Prompt
Entries follow. Give back exactly the lines starting at the one containing "Snapshot of RobertaRosetti" and ending at the one containing "Effortless Front Door", and no other lines.

BEGIN Source data

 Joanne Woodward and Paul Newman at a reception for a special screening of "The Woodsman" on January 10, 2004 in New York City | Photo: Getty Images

END Source data
BEGIN Source data

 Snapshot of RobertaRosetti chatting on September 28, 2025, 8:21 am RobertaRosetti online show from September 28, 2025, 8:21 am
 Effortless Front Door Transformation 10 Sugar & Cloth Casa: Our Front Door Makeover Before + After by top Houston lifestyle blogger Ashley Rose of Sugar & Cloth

END Source data
BEGIN Source data

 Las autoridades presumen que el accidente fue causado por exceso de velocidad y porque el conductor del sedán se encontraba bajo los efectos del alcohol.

END Source data

Result of this exercise
 Snapshot of RobertaRosetti chatting on September 28, 2025, 8:21 am RobertaRosetti online show from September 28, 2025, 8:21 am
 Effortless Front Door Transformation 10 Sugar & Cloth Casa: Our Front Door Makeover Before + After by top Houston lifestyle blogger Ashley Rose of Sugar & Cloth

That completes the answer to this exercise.